Published onto the "Popular Resistance" YouTube page Monday, a man identifying himself as "Ty" narrates video footage showing the moment a cloaked figure took a sledgehammer to the 255-year-old monument dedicated to Christopher Columbus.
"Christopher Columbus symbolizes the initial invasion of European capitalism into the Western Hemisphere," the video's narrator stated. "Columbus initiated a centuries-old wave of terrorism, murder, genocide, rape, slavery, ecological degradation and capitalist exploitation of labor in the Americas."
The narrator then added that statues representing white supremacy is "just an extra slap in the face."
"Racist monuments to slave owners and murderers have always bothered me. Baltimore's poverty is concentrated in African-American households, and these statues are just an extra slap in the face," he added. "They were built in the 20th century in response to a movement for African Americans' human dignity. What kind of a culture goes to such lengths to build such hate-filled monuments? What kind of a culture clings to those monuments in 2017?"
The monument's destruction comes amid a heated debate to remove Confederate monuments across the nation. With Baltimore having already removed all four of its controversial statues, other cities are also following in its steps.
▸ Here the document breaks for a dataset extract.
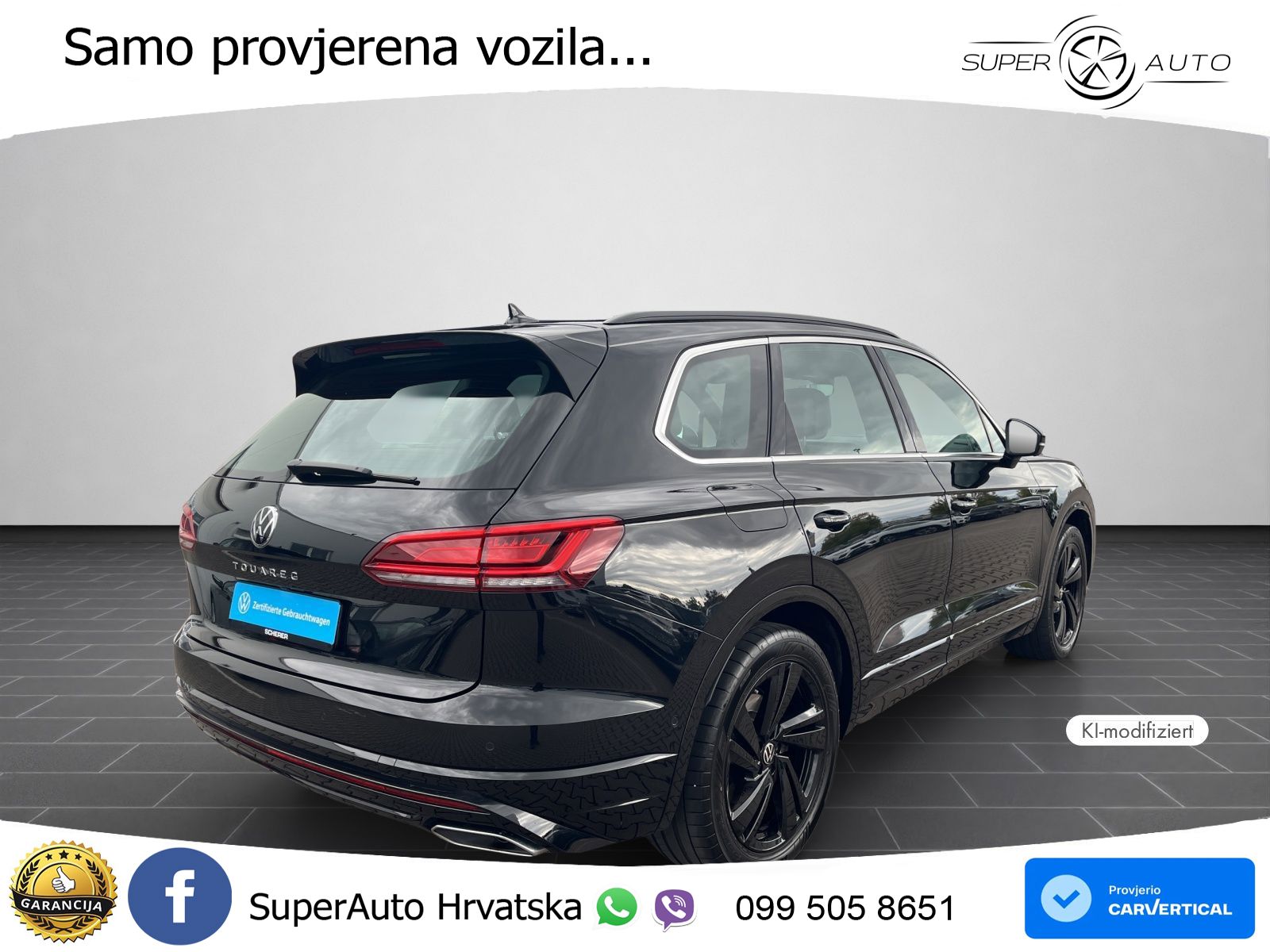 Volkswagen Touareg 3.0 V6 TDI (286 KS) 4MOTION Tiptronic R-Line ZRAČNI+ACC+4xGR SJED+KAM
The University of Texas at Austin took down its four statues of Confederate generals Robert E. Lee and Albert Sidney Johnston, former US Sen. John Reagan and former Texas Governor James Stephen Hogg, early Monday morning.
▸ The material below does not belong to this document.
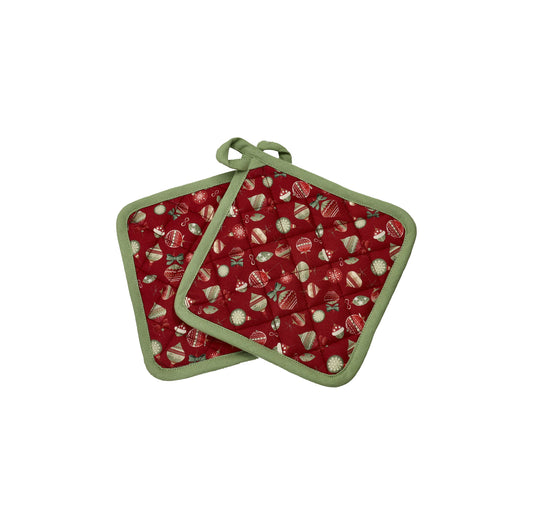 VILLAGGIO IN FESTA SET 2 PRESINE MICRO ROSSO 18X18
According to Gregory Fenves, the university's president, the removal of the statues was spurred by the "horrific displays of hatred at the University of Virginia and in Charlottesville.
"These events make it clear, now more than ever, that Confederate monuments have become symbols of modern white supremacy and neo-Nazism," Fenves added.
The school's president added he spoke with faculty, students and alumni, and also reviewed a 2015 task force report before making the final decision.